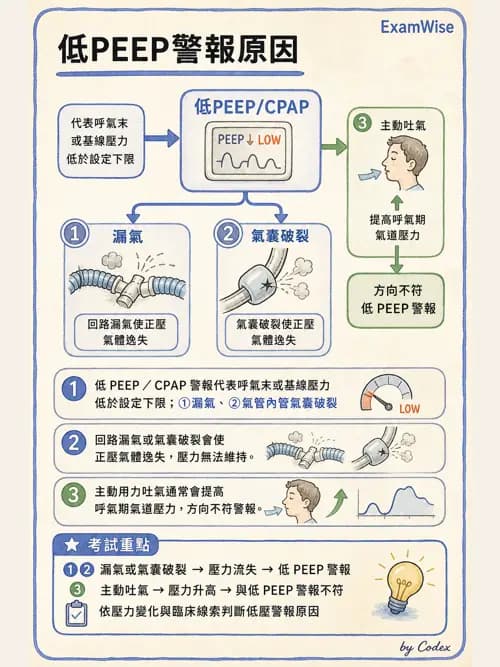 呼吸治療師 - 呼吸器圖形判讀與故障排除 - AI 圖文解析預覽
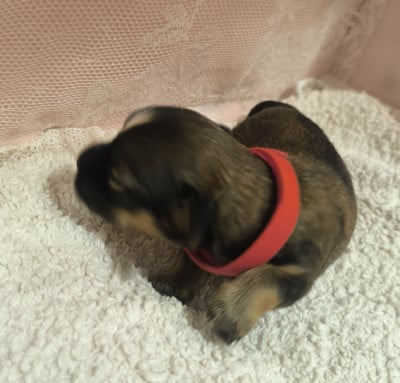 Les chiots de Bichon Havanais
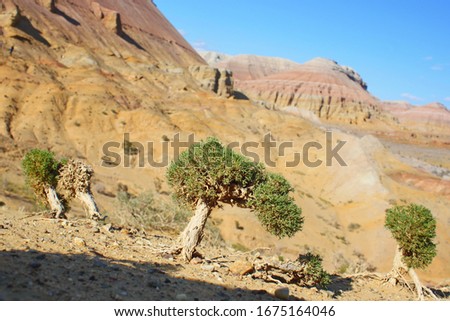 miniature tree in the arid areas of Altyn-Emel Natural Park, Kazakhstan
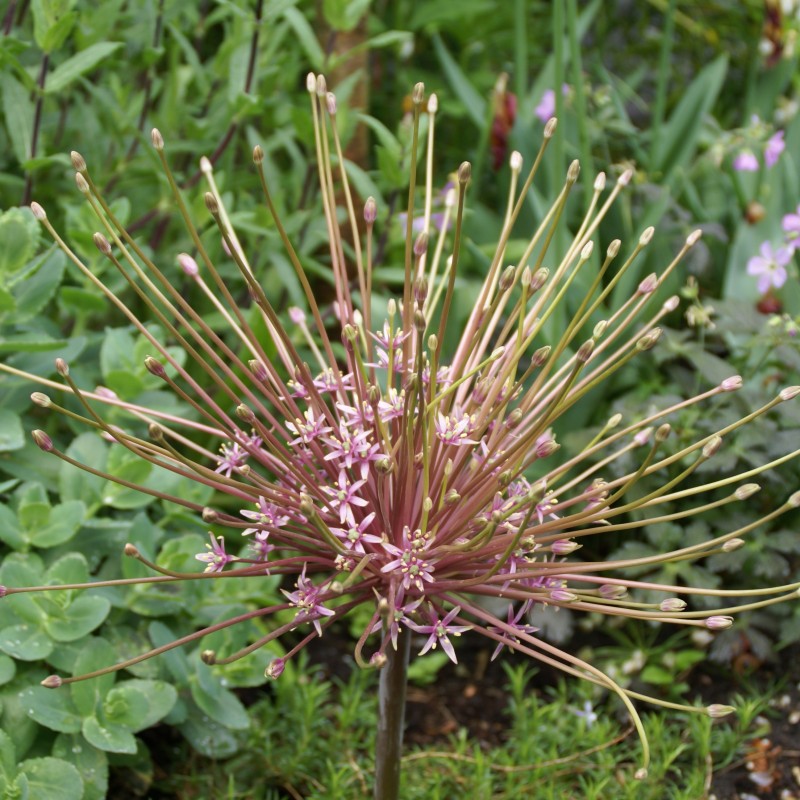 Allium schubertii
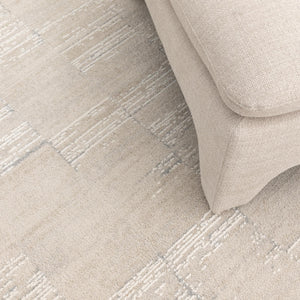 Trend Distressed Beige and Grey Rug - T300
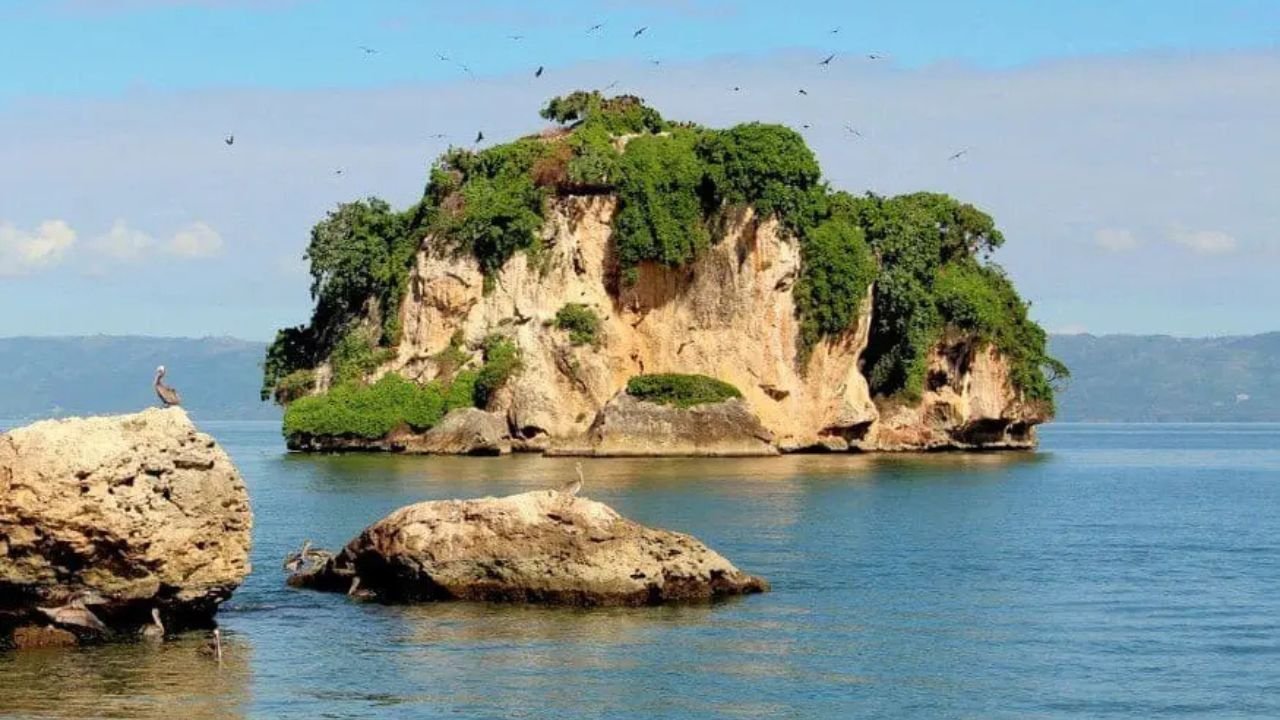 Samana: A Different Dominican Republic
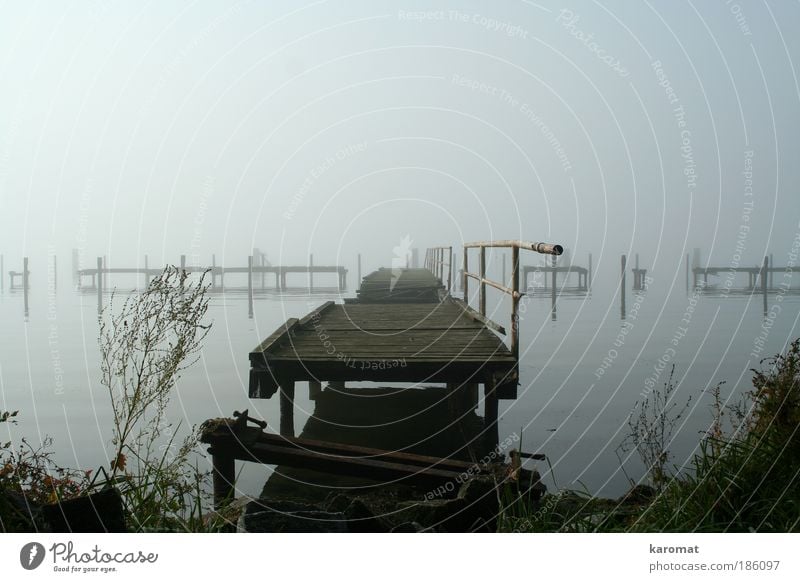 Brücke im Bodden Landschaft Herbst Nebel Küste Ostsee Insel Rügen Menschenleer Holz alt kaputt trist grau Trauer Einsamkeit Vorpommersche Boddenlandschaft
* * *
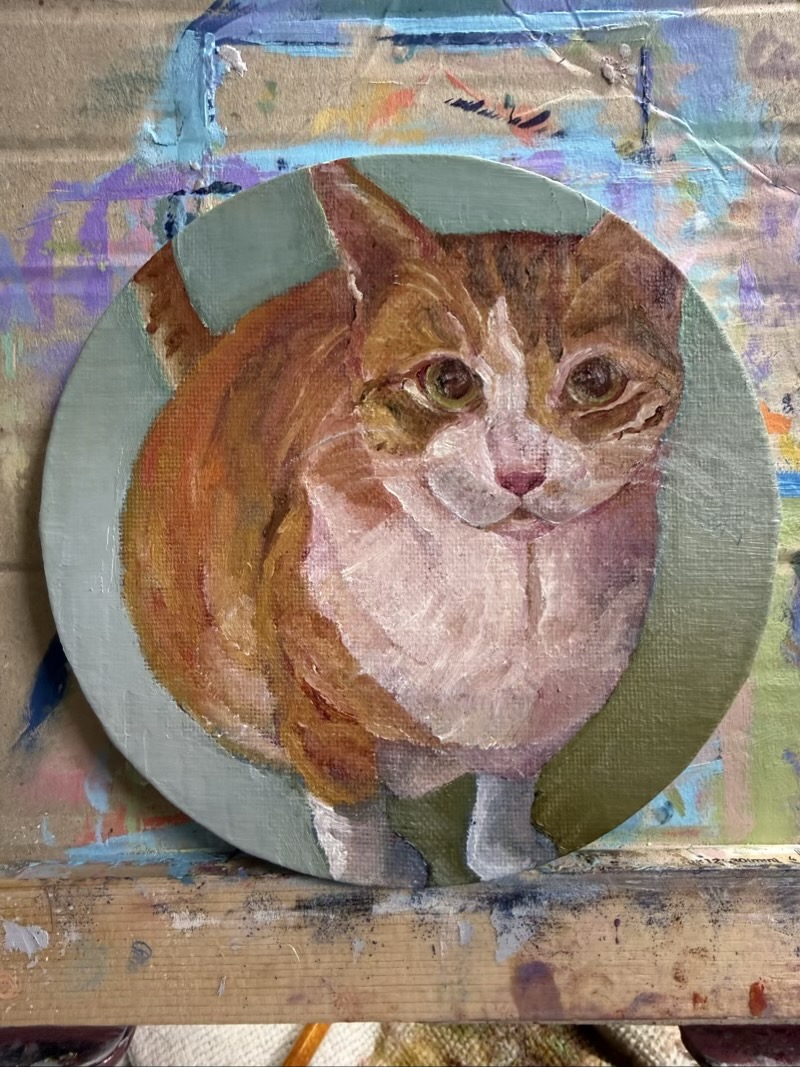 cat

Activity: From the data above, return exactly the lines from the one with "呼吸治療師 - 呼吸器圖形判讀與故障排除 - AI 圖文解析預覽" up to and including the one with "Brücke im Bodden". Pictures do not go in the copy.

Answer below:
 呼吸治療師 - 呼吸器圖形判讀與故障排除 - AI 圖文解析預覽
 Les chiots de Bichon Havanais
 miniature tree in the arid areas of Altyn-Emel Natural Park, Kazakhstan
 Allium schubertii
 Trend Distressed Beige and Grey Rug - T300
 Samana: A Different Dominican Republic
 Brücke im Bodden Landschaft Herbst Nebel Küste Ostsee Insel Rügen Menschenleer Holz alt kaputt trist grau Trauer Einsamkeit Vorpommersche Boddenlandschaft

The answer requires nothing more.